About this task:
Exact copy, pictures excluded: output the lines from the opening of the entries through the line bearing "신장 문제의 10가지 증상".

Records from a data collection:
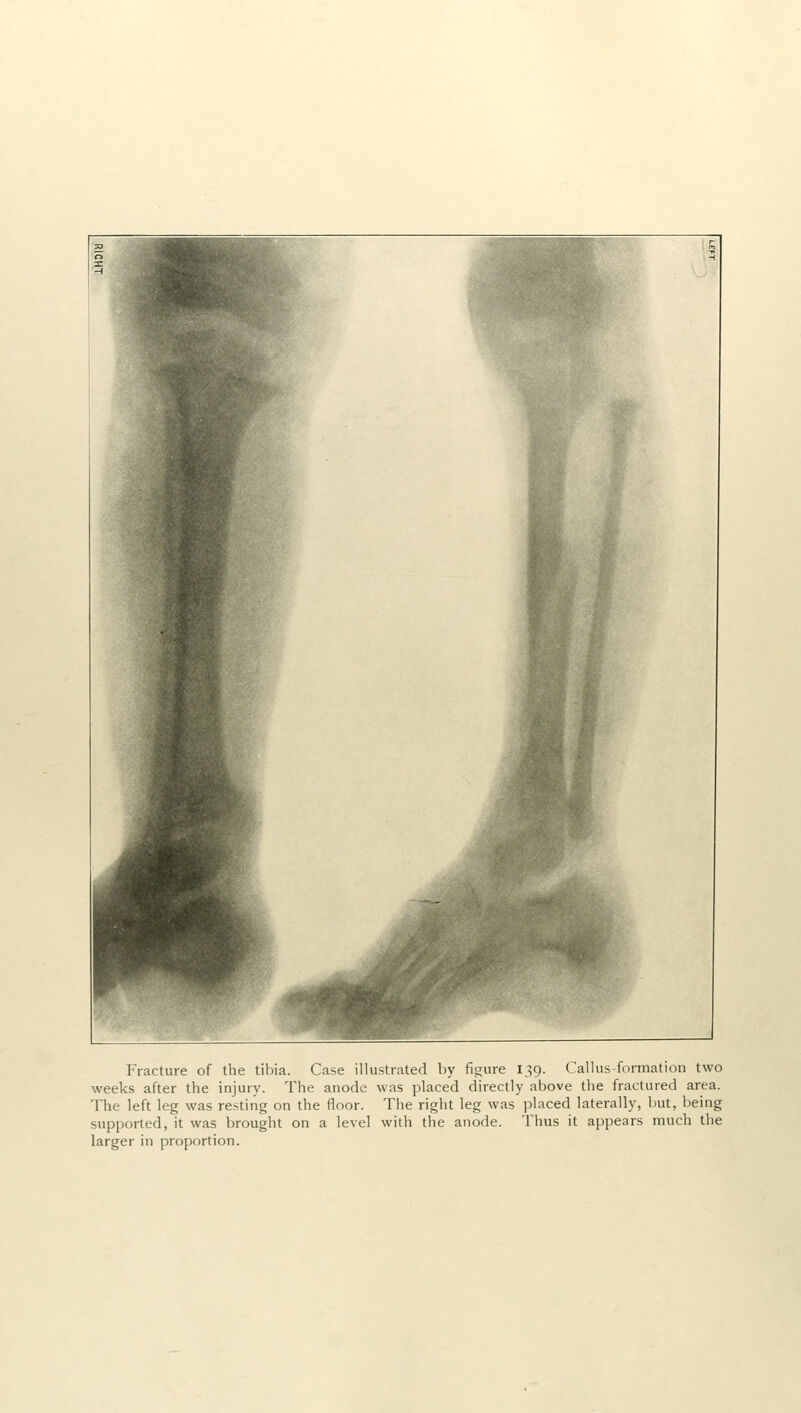 Fracture of the tibia. Case illustrated by figure 139. Callus-formation two weeks after the injury. The anode was placed directly above the fractured area. The left leg was resting on the floor. The right leg was placed laterally, but, being supported, it was brought on a level with the anode. Thus it appears much the larger in proportion.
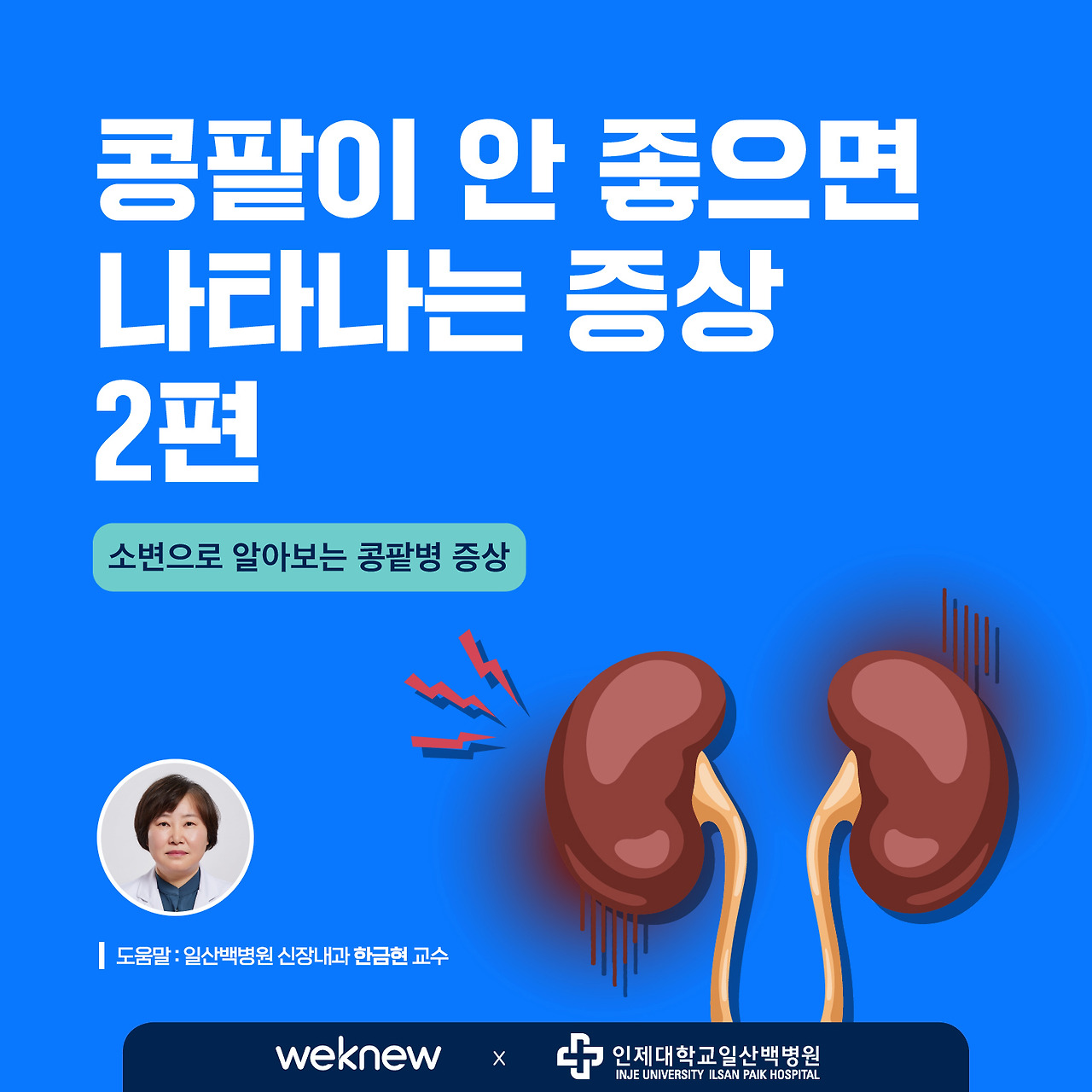 신장 문제의 10가지 증상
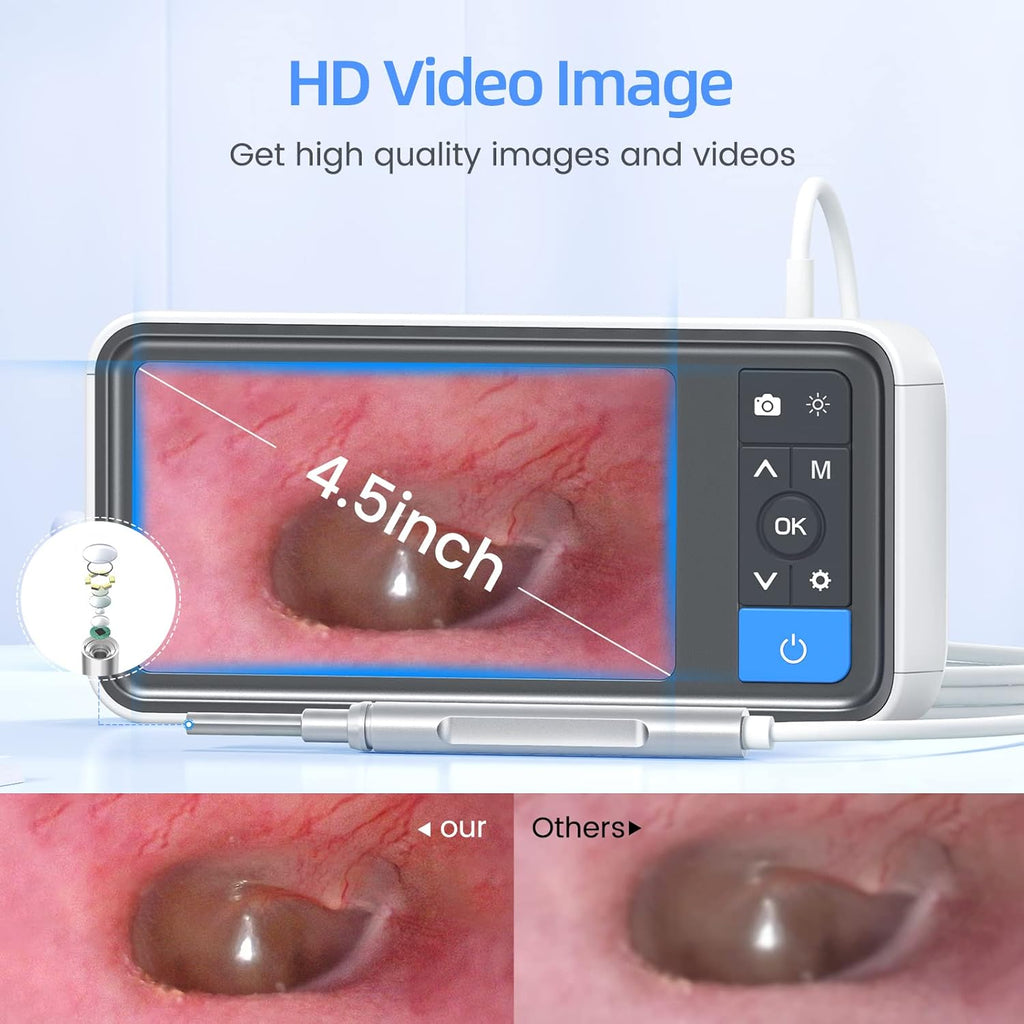 Otoscope Ear Cleaning Camera 1080P HD with IPS Screen and 32G Card A39255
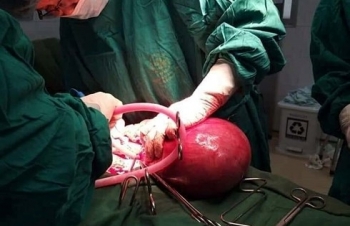 Phẫu thuật khối u xơ tử cung nặng hơn 2kg
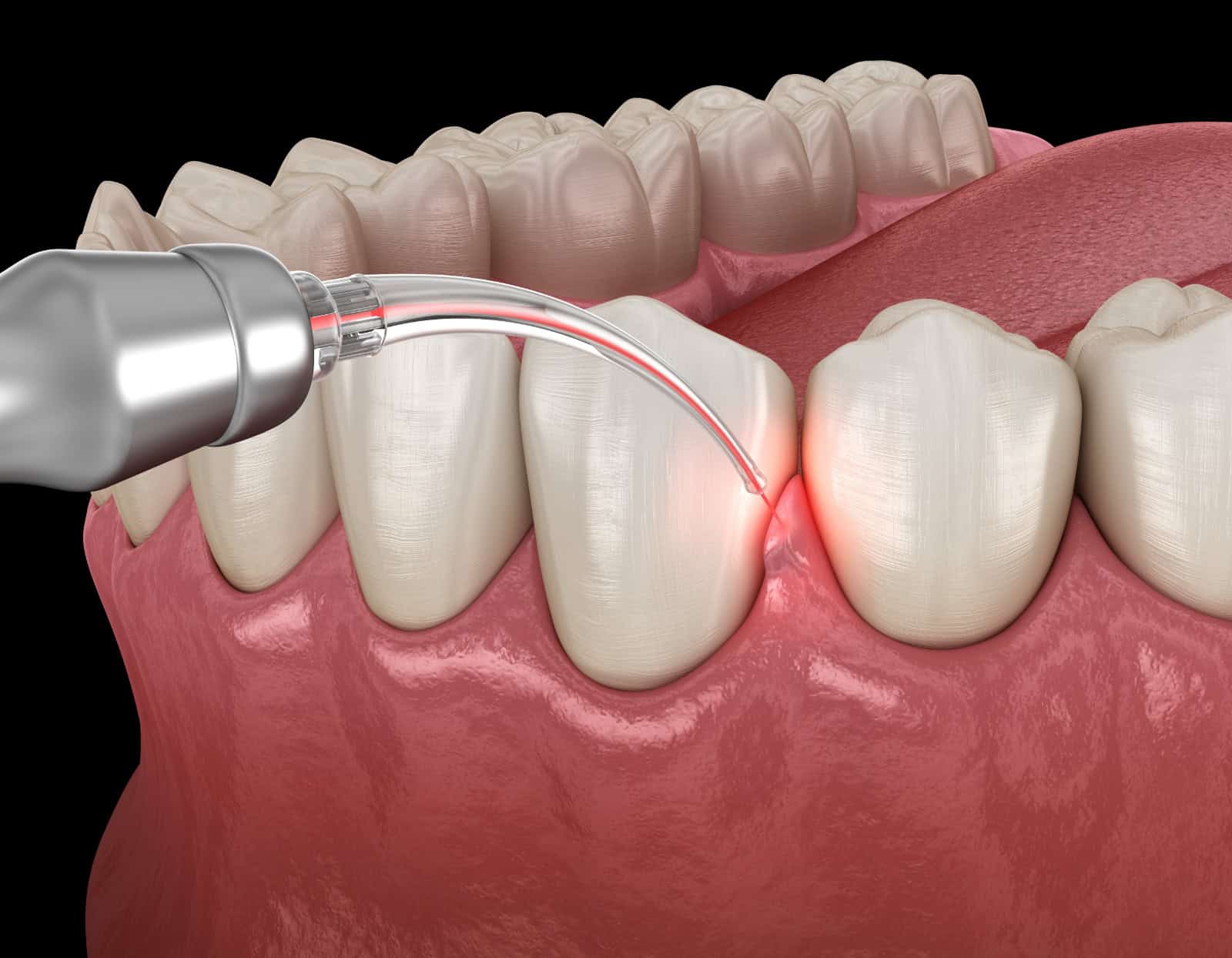 Gum correction surgery with laser. Medically accurate tooth 3D illustration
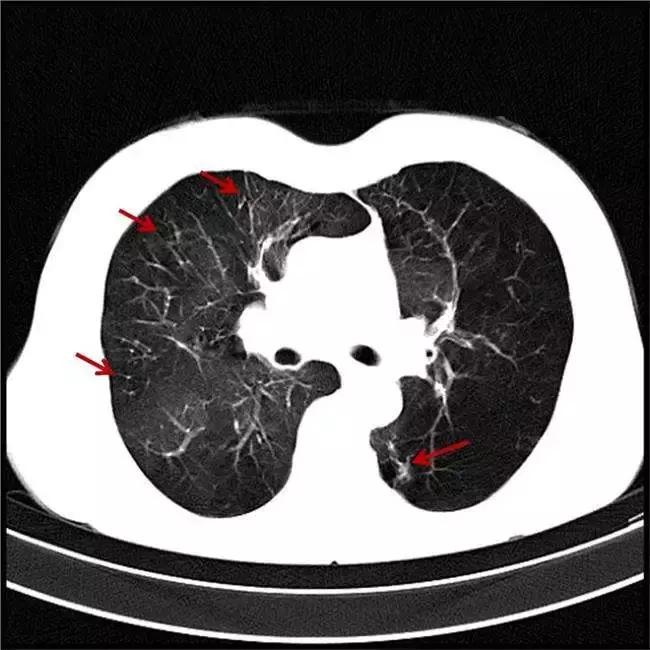 拍了片子拿到结果看不明白？彩虹医生教您看懂影像报告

Output below:
 Fracture of the tibia. Case illustrated by figure 139. Callus-formation two weeks after the injury. The anode was placed directly above the fractured area. The left leg was resting on the floor. The right leg was placed laterally, but, being supported, it was brought on a level with the anode. Thus it appears much the larger in proportion.
 신장 문제의 10가지 증상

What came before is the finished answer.